Fluppt aber immer noch nicht so schön wie vorher, jetzt hängt er halt bei "Setting clock via the NTP client 'ntpdate'".

Schade, dass das alte Verhalten so ohne Ankündigung und/oder Erklärungen zu möglichen Alternativen umgestellt wurde, zumindest habe ich keine entsprechende eselect news vernommen...

----------

## l3u

Sag halt dem init-System einfach, dass xdm vor netmount gestartet werden muss. Dann rödelt der Kram im Hintergrund, und du bekommst den X-Server auf jeden Fall.

Also sowas wie rc_xdm_before="netmount" oder rc_netmount_after="xdm" in /etc/rc.conf reinschreiben. Ich hatte das selbe Problem mal mit ntpd, und das hat sich so einwandfrei lösen lassen.

An dem init-Script selber würde ich nichts ändern, weil das ja dann mit dem nächsten Update wieder überschrieben wird.

----------

## sprittwicht

Danke für den Tip. Aber da ich bei den Abhängigkeiten überhaupt nicht durchblicke und keine anderen tollen Seiteneffekte provozieren will, lasse ich es jetzt erstmal so.

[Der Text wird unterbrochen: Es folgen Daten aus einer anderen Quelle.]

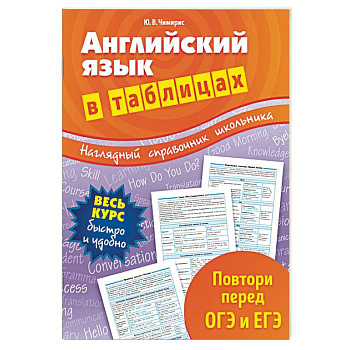 Английский язык в таблицах Английский язык в таблицах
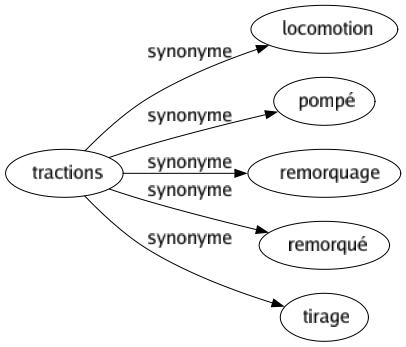 Synonyme de Tractions : Locomotion Pompé Remorquage Remorqué Tirage 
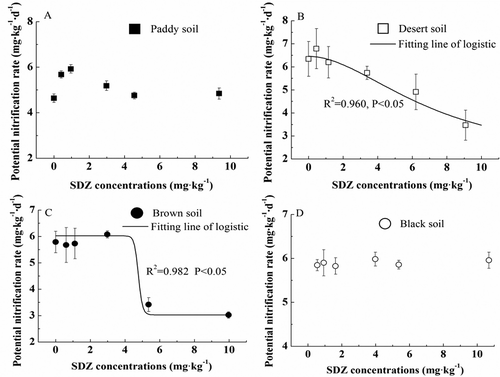Figure 3. Dose-response curves between SDZ contents and soil potential nitrification rates.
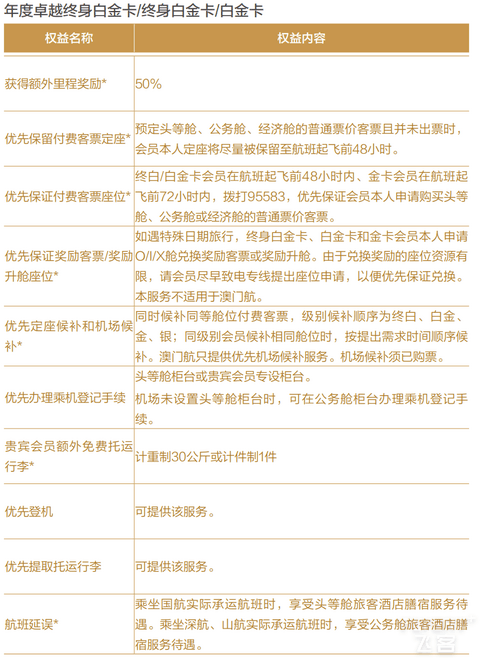 2024版：中国国航系及凤凰知音会员计划简介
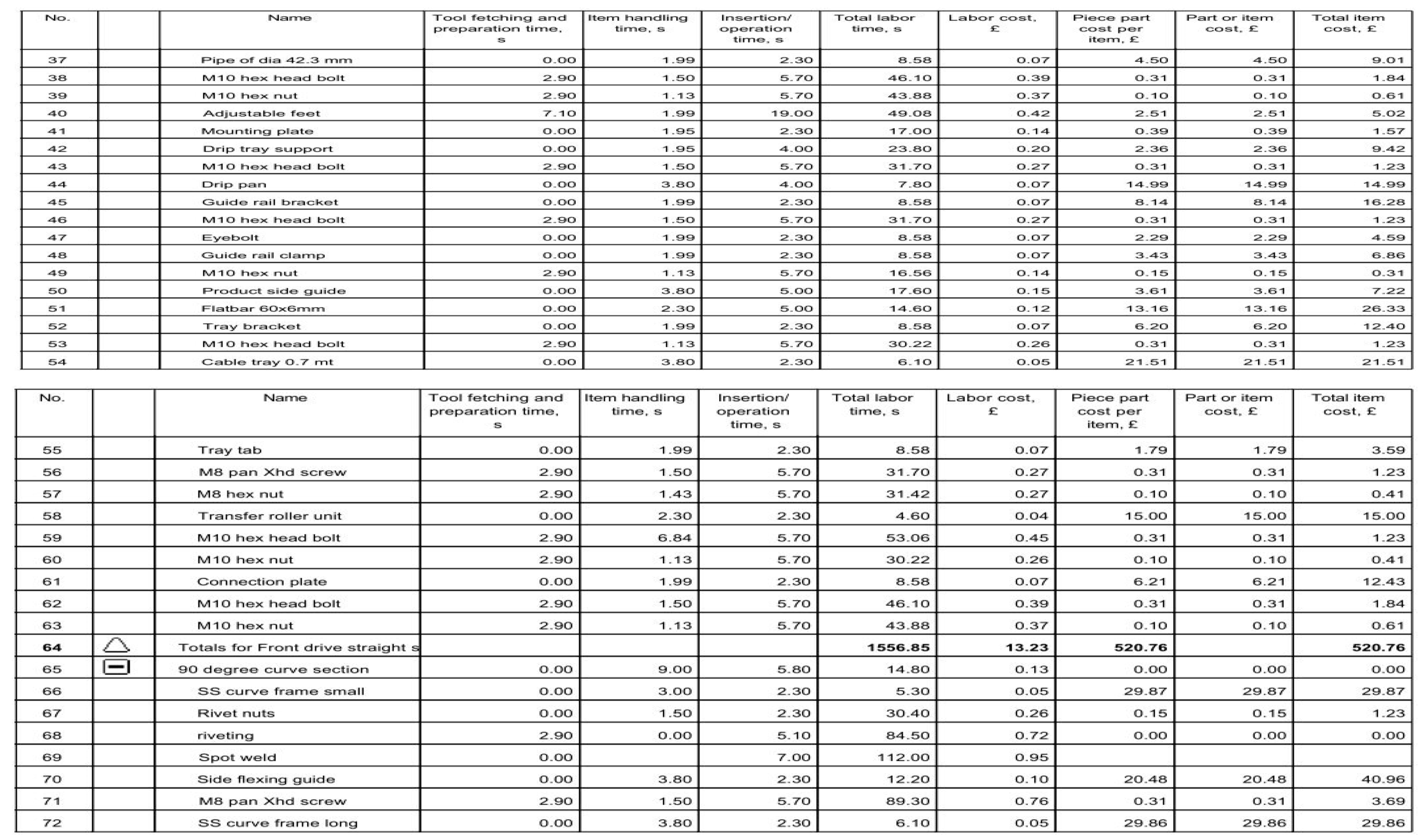 Designs 04 00006 i0a4b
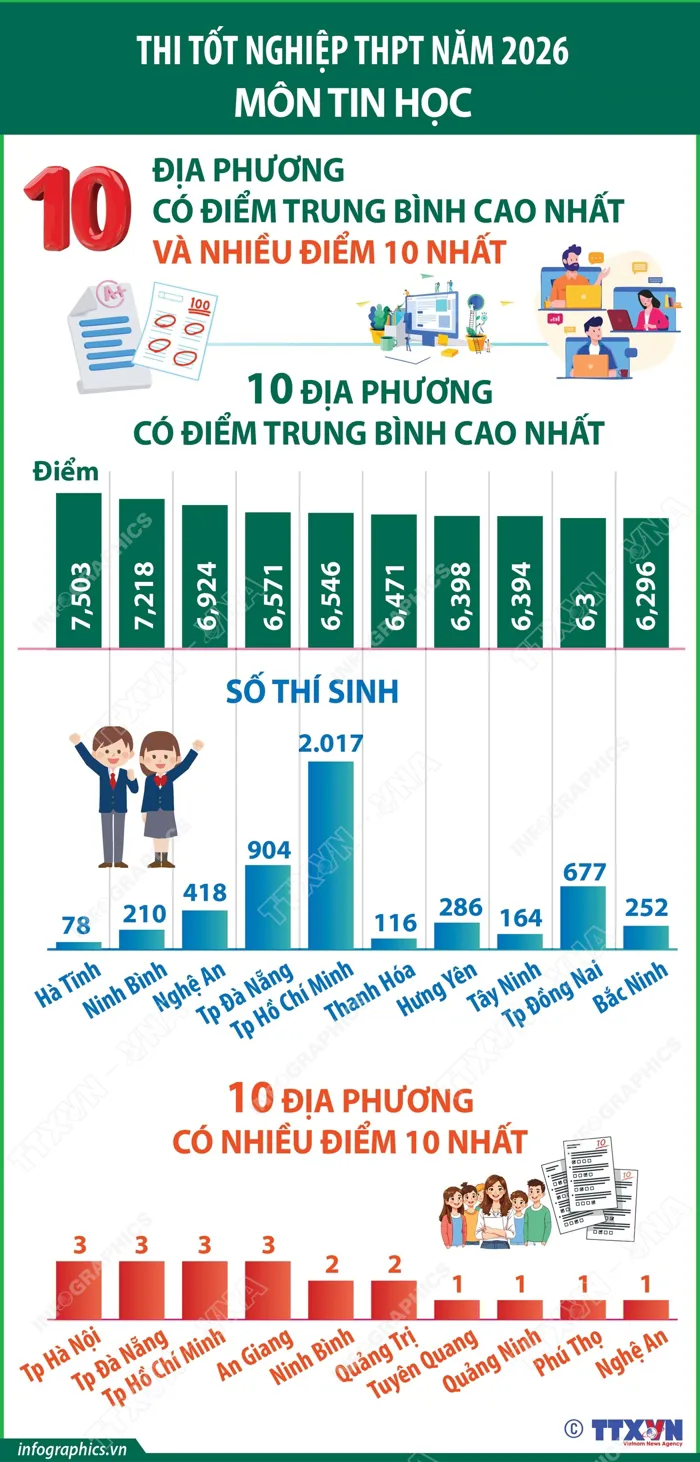 Thi tốt nghiệp THPT năm 2026 môn Tin học: Các địa phương có điểm trung bình Thi tốt nghiệp THPT năm 2026 môn Tin học: Các địa phương có điểm trung bình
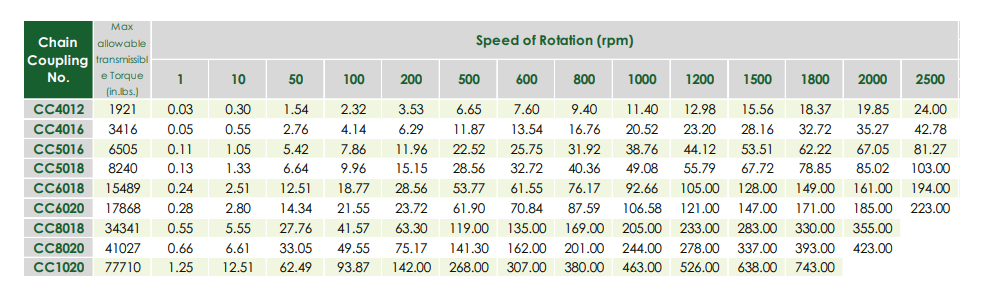 C8020 Chain For Chain Coupling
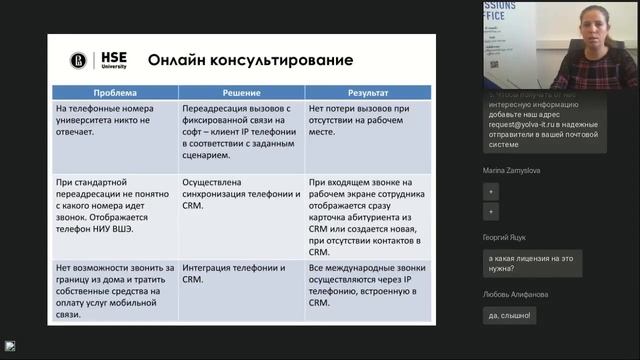 Онлайн конференции по Microsoft Dynamics 365. День 3 смотреть онлайн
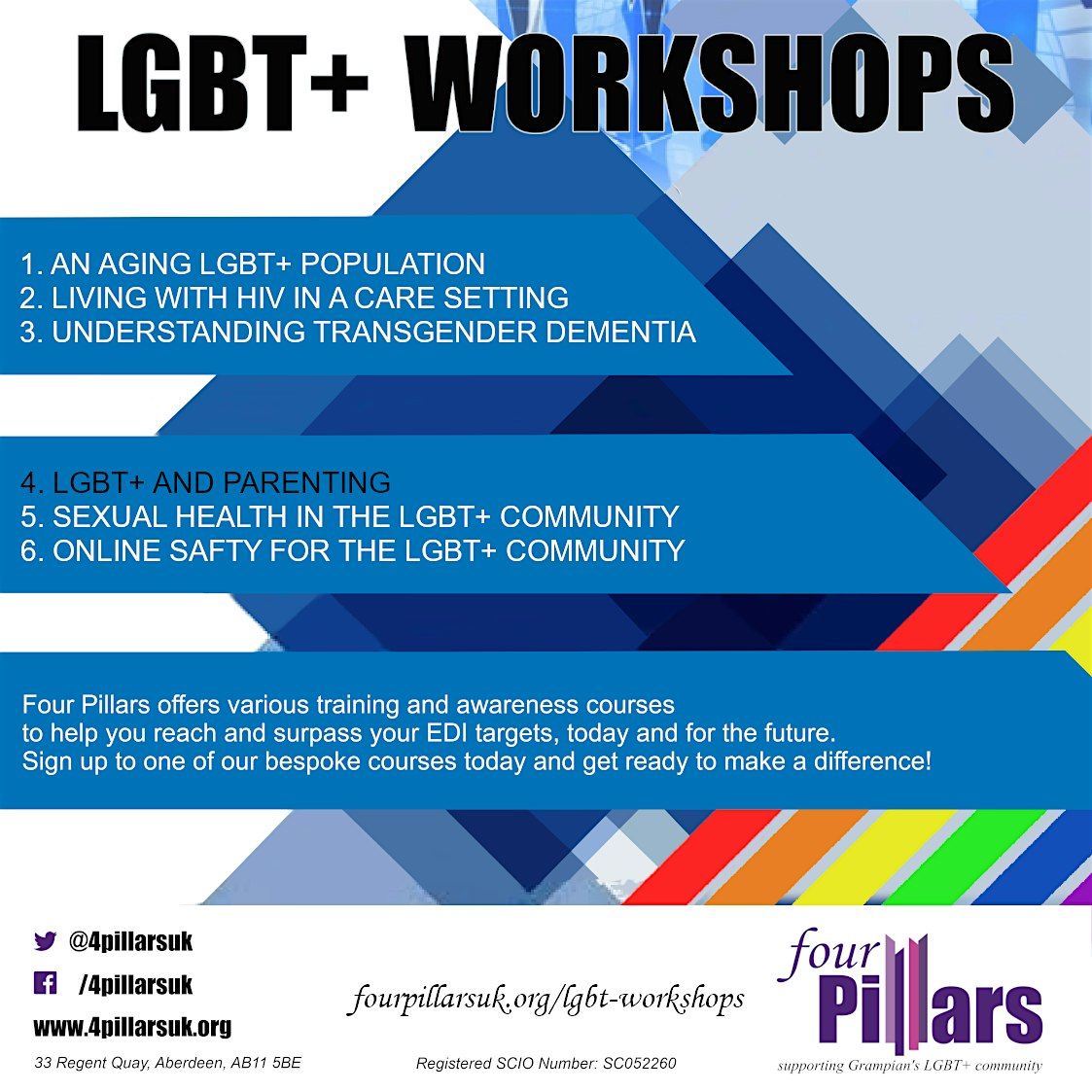 LGBT+ and Parenting Workshop, 15 January | Event in Aberdeen | AllEvents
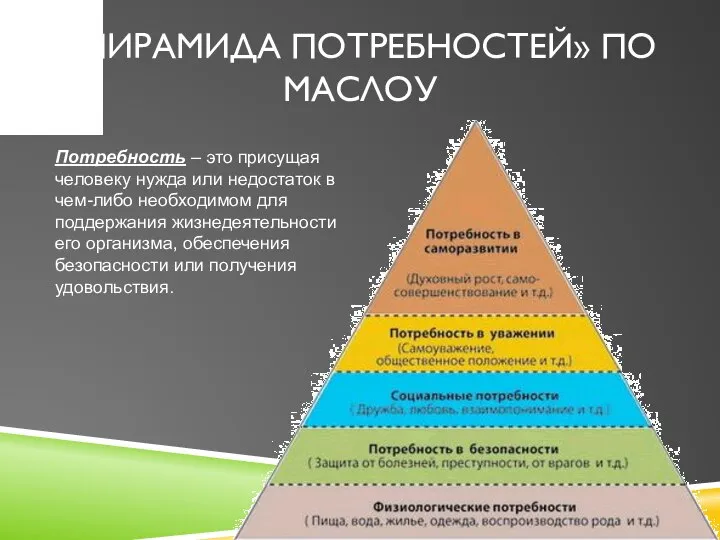 «ПИРАМИДА ПОТРЕБНОСТЕЙ» ПО МАСЛОУ Потребность – это присущая человеку нужда или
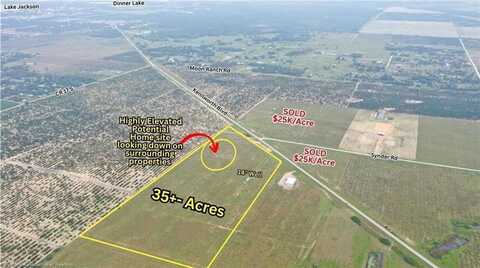 5020 Kenilworth Boulevard, Sebring, FL 33870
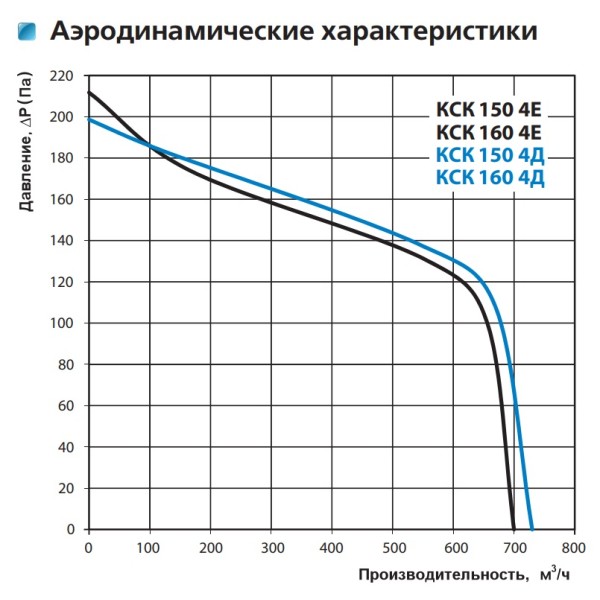 Відцентровий кухонний вентилятор КСК 150 4Д Vents - фото №2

Zudem scheint es mir logischer, ein nicht erreichbares NFS-Share erst gar nicht zu mounten, anstatt auf irgendeinen Timeout zu warten.

----------

## firefly

 *sprittwicht wrote:*   

> Danke für den Tip. Aber da ich bei den Abhängigkeiten überhaupt nicht durchblicke und keine anderen tollen Seiteneffekte provozieren will, lasse ich es jetzt erstmal so.
> 
> Zudem scheint es mir logischer, ein nicht erreichbares NFS-Share erst gar nicht zu mounten, anstatt auf irgendeinen Timeout zu warten.

 

Nur was ist wenn auf dem NFS server eine FW läuft, welche pings dropped? Dann wird das NFS-Share auch nicht gemounted obwohl das share an sich erreichbar wäre

----------